All of the street names in the suburb have a British royalty theme. One example is King Charles Drive, the only road leading into the suburb, which is named after Charles II of England.

Kingsley Heights was proposed as a major subdivision project in the 1970s with Stage 1 beginning after the State Housing Corporation decided against using the land it owned in the area. Construction started in 1975 by First New Zealand RDC Limited and NZ Roadmakers, which consisted of 77 house lots. A delay was caused by the collapse of NZ Roadmakers however in 1976 The Leader, a local newspaper, announced construction had resumed. Around 1978 the first stage of road and utilities construction was complete and the first houses started to be built in the early 1980s.

The later stages of the project were delayed due to the economic downturn in the mid-late 1980s and the subsequent reduction in new home construction. The closure of the General Motors plant had a negative effect on employment in the city and so King Charles Drive ended at 19 and 26. Roading construction on the next stage of Kingsley Heights resumed many years later during 2001/2002 but it wasn't until 2005 that houses were built on Aragon, Boleyn and Beaufort. Craigs Flat, now known as Riverstone Terraces, which was also State Housing Corporation land but never used, had been promoted by various developers since the early 1990s as another major housing project in the city which also saw continued delays and reduced the urgency for the further expansion of Kingsley Heights.

King Charles Drive now ends at 41/58 with provision for the next stage of construction to continue in the future.

This suburb houses drinking-water storage tanks for Upper Hutt.

==Demographics==
Kingsley Heights covers 0.77 km2. It is part of the Upper Hutt Central statistical area.
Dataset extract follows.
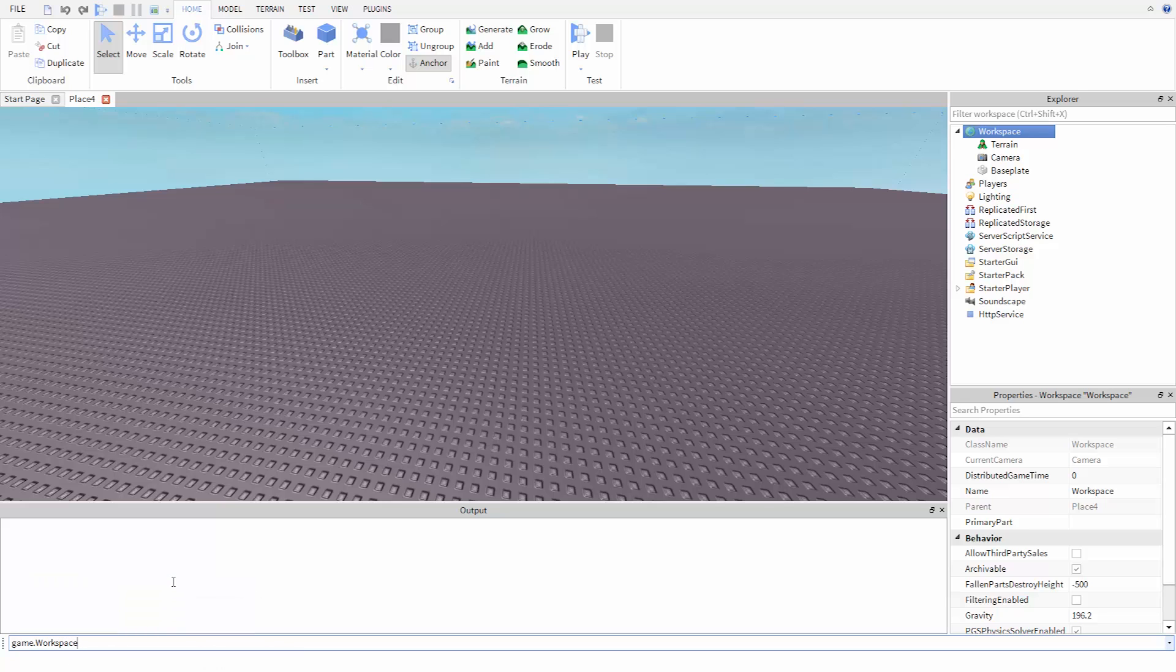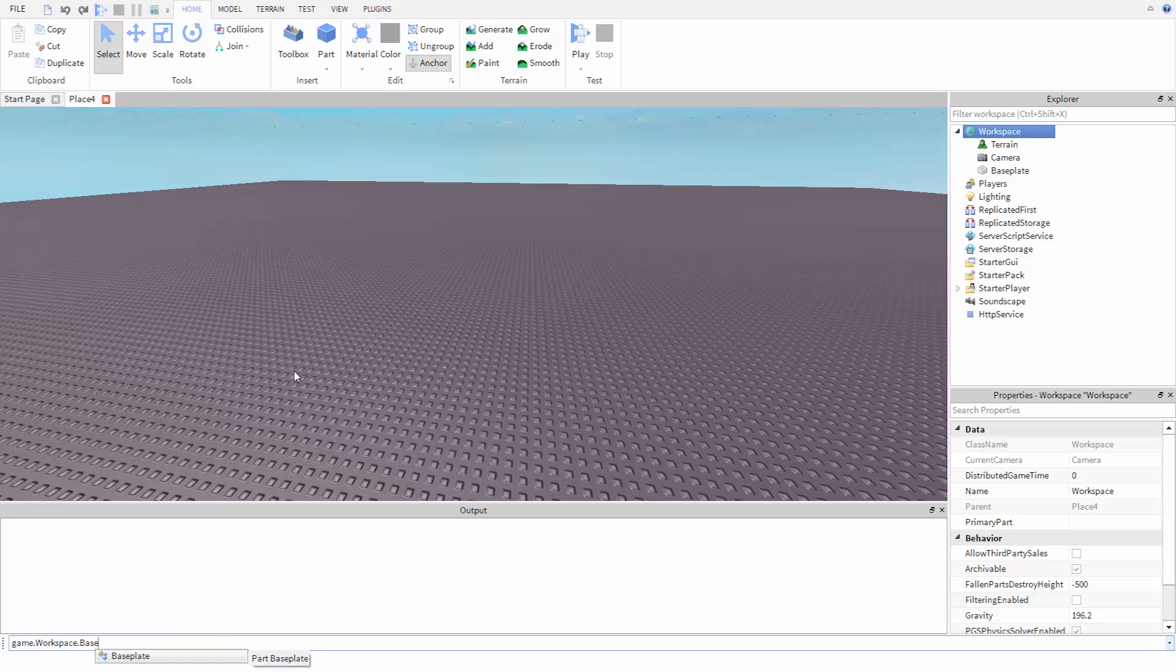Now that we're in the workspace, we can say to look at the baseplate by typing dot baseplate, making sure that we spell it the same way as you see over here in the Explorer.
Kingsley Heights had a population of 429 in the 2023 New Zealand census, a decrease of 6 people (−1.4%) since the 2018 census, and an increase of 57 people (15.3%) since the 2013 census. There were 201 males, 225 females, and 3 people of other genders in 138 dwellings. 3.5% of people identified as LGBTIQ+. There were 93 people (21.7%) aged under 15 years, 63 (14.7%) aged 15 to 29, 234 (54.5%) aged 30 to 64, and 48 (11.2%) aged 65 or older.

People could identify as more than one ethnicity. The results were 79.7% European (Pākehā); 7.0% Māori; 2.1% Pasifika; 14.7% Asian; 2.1% Middle Eastern, Latin American and African New Zealanders (MELAA); and 4.9% other, which includes people giving their ethnicity as "New Zealander". English was spoken by 97.2%, Māori by 1.4%, Samoan by 0.7%, and other languages by 16.8%. No language could be spoken by 2.1% (e.g. too young to talk). The percentage of people born overseas was 30.1, compared with 28.8% nationally.

Religious affiliations were 38.5% Christian, 2.1% Hindu, 2.1% Islam, 0.7% Māori religious beliefs, 1.4% Buddhist, 1.4% Jewish, and 2.8% other religions. People who answered that they had no religion were 46.9%, and 6.3% of people did not answer the census question.

Of those at least 15 years old, 93 (27.7%) people had a bachelor's or higher degree, 177 (52.7%) had a post-high school certificate or diploma, and 69 (20.5%) people exclusively held high school qualifications. 72 people (21.4%) earned over $100,000 compared to 12.1% nationally. The employment status of those at least 15 was 216 (64.3%) full-time, 39 (11.6%) part-time, and 6 (1.8%) unemployed.